O levantamento inclui pequenos de todas as regiões do país e demonstra que, para reduzir os altos índices de obesidade, é preciso mudar muitos hábitos alimentares - até mesmo nas pequenas refeições.

Por Luiza Monteiro
Atualizado em 27 out 2016, 21h48 - Publicado em 24 nov 2015, 18h16

A realidade é preocupante: mais de 30% dos meninos e meninas brasileiros menores de 5 anos de idade estão obesos, com sobrepeso ou em situação de risco para ultrapassar o seu peso ideal, de acordo com dados de 2014 do Sistema de Vigilância Alimentar Nutricional (Sisvan). Não é para menos. Nas últimas décadas, os hábitos alimentares da criançada têm mudado bastante por aqui – e para pior. Segundo a Pesquisa Nacional de Saúde de 2013, feita pelo Instituto Brasileiro de Geografia e Estatística (IBGE), 60,8% dos pequenos menores de 2 anos comem biscoitos e bolos com frequência; quando se trata de refrigerantes e sucos artificiais, 32% das crianças dessa faixa etária consomem essas bebidas no dia a dia. Some a isso a falta de atividade física e está explicado, pelo menos em parte, por que os nossos cidadãos mirins andam tão gordinhos. 
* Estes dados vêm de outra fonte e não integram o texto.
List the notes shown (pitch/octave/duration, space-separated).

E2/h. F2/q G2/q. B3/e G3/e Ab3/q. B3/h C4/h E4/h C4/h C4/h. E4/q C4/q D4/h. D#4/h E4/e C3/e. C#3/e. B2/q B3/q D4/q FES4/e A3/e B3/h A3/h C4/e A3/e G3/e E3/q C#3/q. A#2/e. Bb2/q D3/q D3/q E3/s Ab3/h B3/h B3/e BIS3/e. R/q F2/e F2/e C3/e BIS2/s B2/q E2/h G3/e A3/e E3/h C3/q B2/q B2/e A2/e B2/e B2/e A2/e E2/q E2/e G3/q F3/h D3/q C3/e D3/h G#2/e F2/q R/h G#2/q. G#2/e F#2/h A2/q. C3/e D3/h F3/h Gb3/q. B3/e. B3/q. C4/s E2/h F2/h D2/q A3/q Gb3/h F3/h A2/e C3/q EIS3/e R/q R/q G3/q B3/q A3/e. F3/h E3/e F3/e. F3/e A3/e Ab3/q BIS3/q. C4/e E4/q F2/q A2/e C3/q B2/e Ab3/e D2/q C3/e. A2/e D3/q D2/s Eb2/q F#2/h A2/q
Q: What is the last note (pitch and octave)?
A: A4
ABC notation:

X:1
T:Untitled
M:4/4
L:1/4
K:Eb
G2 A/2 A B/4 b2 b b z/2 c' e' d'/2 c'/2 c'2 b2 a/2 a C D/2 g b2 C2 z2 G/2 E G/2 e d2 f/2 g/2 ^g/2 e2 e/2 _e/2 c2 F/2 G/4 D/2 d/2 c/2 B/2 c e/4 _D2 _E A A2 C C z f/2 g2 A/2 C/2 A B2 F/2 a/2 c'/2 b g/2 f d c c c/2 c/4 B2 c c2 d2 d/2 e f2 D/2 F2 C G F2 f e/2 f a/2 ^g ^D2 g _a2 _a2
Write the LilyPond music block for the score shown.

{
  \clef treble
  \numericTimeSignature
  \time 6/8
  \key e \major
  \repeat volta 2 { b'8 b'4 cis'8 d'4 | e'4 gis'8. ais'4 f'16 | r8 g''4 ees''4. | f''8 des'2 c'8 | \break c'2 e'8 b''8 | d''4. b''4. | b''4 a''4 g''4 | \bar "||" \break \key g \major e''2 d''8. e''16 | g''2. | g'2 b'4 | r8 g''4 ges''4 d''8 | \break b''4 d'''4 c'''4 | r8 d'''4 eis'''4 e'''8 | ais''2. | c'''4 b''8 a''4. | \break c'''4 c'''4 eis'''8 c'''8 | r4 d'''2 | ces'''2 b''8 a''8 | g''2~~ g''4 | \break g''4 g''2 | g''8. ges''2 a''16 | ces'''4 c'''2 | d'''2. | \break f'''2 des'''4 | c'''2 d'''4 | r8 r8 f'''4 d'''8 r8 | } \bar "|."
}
Um dos passos mais importantes para mudar esse cenário é promover uma alimentação saudável e equilibrada desde cedo. E não pense que, para tanto, basta acrescentar frutas, verduras e legumes ao prato da meninada – é preciso, entre outras coisas, comer em uma frequência adequada. Isso significa que, além do café da manhã, do almoço e do jantar, é aconselhável também que os baixinhos façam pequenos lanches entre as refeições. A orientação vem da Sociedade Brasileira de Pediatria (SBP), que indica que a criança coma um alimento fonte de carboidrato, uma fruta, uma proteína e uma bebida nesses intervalos.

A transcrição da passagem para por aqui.